Adaro has proven extremely efficient in scenarios where some manufacturers can let us down, says Bartlett. ‘When a product is delayed, Adaro chases and advises and for “out of stock” issues trial lenses to keep the patient going. No chasing is required from us and the first we know of any problem is when Adaro customer services representatives contact us to let us know what has happened and how it is being resolved.’
Suppliers also benefit, says Ralph as they only have to make a single stock delivery to Adaro rather than multiple destinations. ‘We get a single delivery from the supplier each day, so it’s saving them money.’ Adaro bundles the product with the prescribed solutions, brands it to the practice and then personalises it for the patient before sending it to the patient or practice.
The service started off doing home delivery but has since developed. ‘When practices realised customers had personalised bundles coming through they asked us if we could deliver them to the practice.’ This was evolved further to weekly deliveries and more practice branding on products for bigger customers and vouchers and offers printed on the branded delivery notes.
This allows complex orders such as a patient with a J&J lens in one eye and an Alcon lens in the other bundled up with different solutions for each lens. ‘They are making up their own bundles. The big players can’t do that,’ Ralph adds.
‘Using Adaro means that we can use any lens/solution manufacturer combination,’ says Bartlett. These are delivered to the patient as a bundle. It has removed the need for patients to collect solutions from the practice separately, ensuring they receive a convenient service.’
It also has clinical benefits. ‘By ensuring the lenses and solutions are sent to the patient at the appropriate replacement intervals, we can further encourage patients to avoid overuse or keeping a solution bottle open past its “use by” date helping us to improve compliance,’ he adds.
New opportunities
While on one level the Adaro system is about logistics, Ralph says it can also have other effects on the way practices work. ‘I want my customers to think more about health plans,’ he adds.
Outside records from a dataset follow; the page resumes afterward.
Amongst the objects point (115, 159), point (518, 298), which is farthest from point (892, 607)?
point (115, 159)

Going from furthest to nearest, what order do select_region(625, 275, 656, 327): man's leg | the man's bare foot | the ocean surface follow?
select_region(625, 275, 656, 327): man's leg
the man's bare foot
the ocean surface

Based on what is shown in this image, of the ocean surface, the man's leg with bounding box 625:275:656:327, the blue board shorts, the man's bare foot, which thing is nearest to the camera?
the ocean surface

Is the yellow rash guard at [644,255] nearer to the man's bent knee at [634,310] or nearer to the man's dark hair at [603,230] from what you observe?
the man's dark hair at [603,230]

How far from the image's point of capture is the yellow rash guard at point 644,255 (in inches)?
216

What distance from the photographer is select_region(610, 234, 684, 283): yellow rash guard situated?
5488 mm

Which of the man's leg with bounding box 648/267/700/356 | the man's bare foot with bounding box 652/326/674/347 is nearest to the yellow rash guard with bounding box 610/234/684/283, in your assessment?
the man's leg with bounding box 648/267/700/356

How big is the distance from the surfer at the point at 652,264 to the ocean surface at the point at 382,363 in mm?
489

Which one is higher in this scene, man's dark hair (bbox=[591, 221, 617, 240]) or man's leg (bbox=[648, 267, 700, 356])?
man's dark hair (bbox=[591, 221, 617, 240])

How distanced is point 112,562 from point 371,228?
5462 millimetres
This could lead to new opportunities. ‘If a patient suffers with hayfever he may need some drops during the spring.’ Other areas such as dry eye are perfect for this system, he says, and it’s great for retention and fulfils a patient need.
Adaro currently has 300 practices using the £3 per package service and Ralph is aiming to increase that to 600 by the end of the year. He’s relying on early adopters and word of mouth to spread the message that Adaro is suited to practices taking on the medical model of optics. He says by using Adaro, independents can get a head start on new areas of business without having to manage all the stock requirements. ‘The independents love it’. Certainly the 300 who currently use the service seem to if Bartlett’s comments are representative.
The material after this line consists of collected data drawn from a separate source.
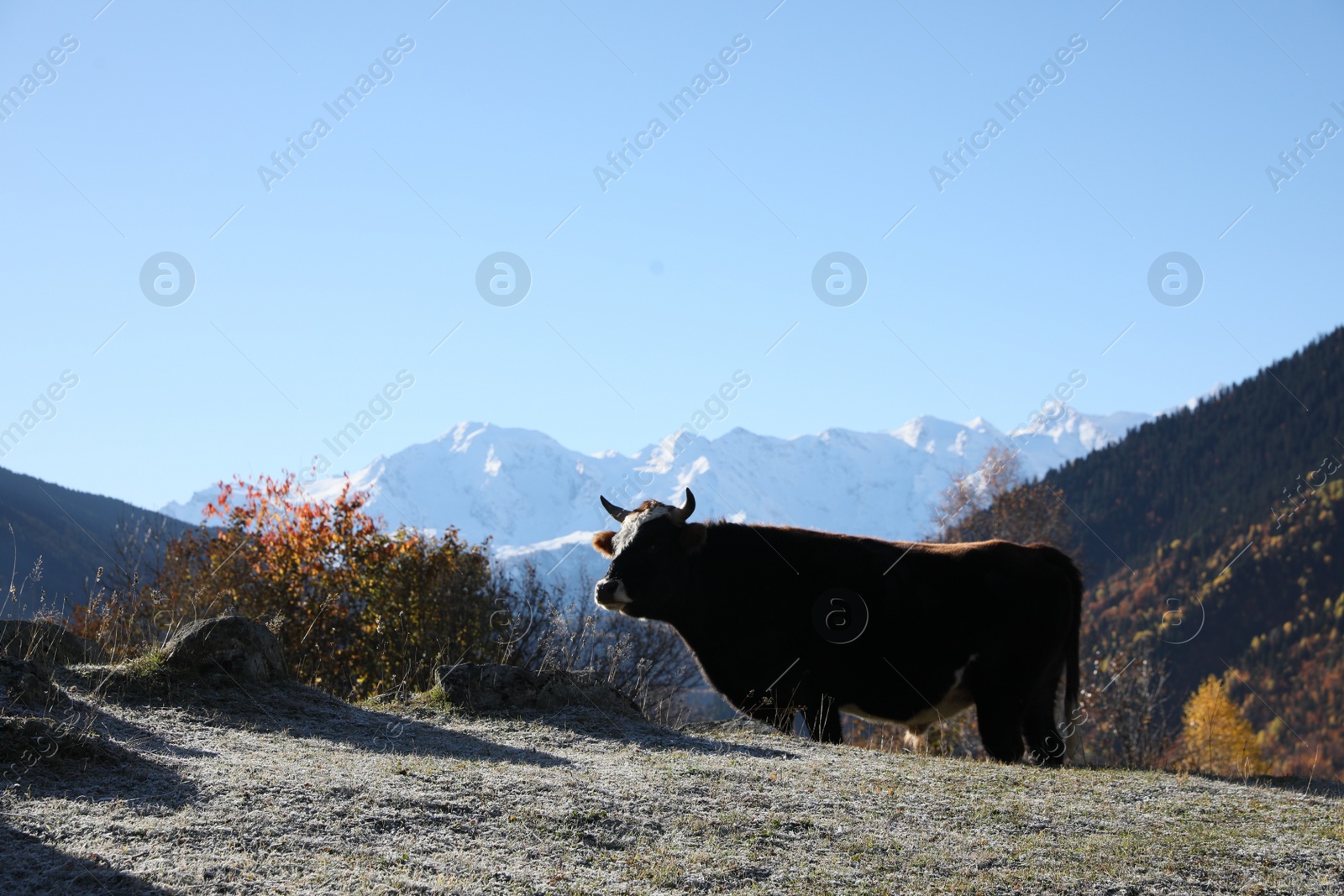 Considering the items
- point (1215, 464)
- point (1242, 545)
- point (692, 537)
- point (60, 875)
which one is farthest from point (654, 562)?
point (1215, 464)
‘There has been no difference to our relationships with most suppliers as all orders placed with Adaro are made through our existing accounts and billed directly to us – just delivered to Adaro instead.’ One exception is Sauflon, which doesn’t currently support Adaro. ‘Some of our patients are being moved away from Sauflon products to alternatives so that they can also receive the benefits of the full service.’
Perhaps Sauflon’s new owner may re-think that particular policy.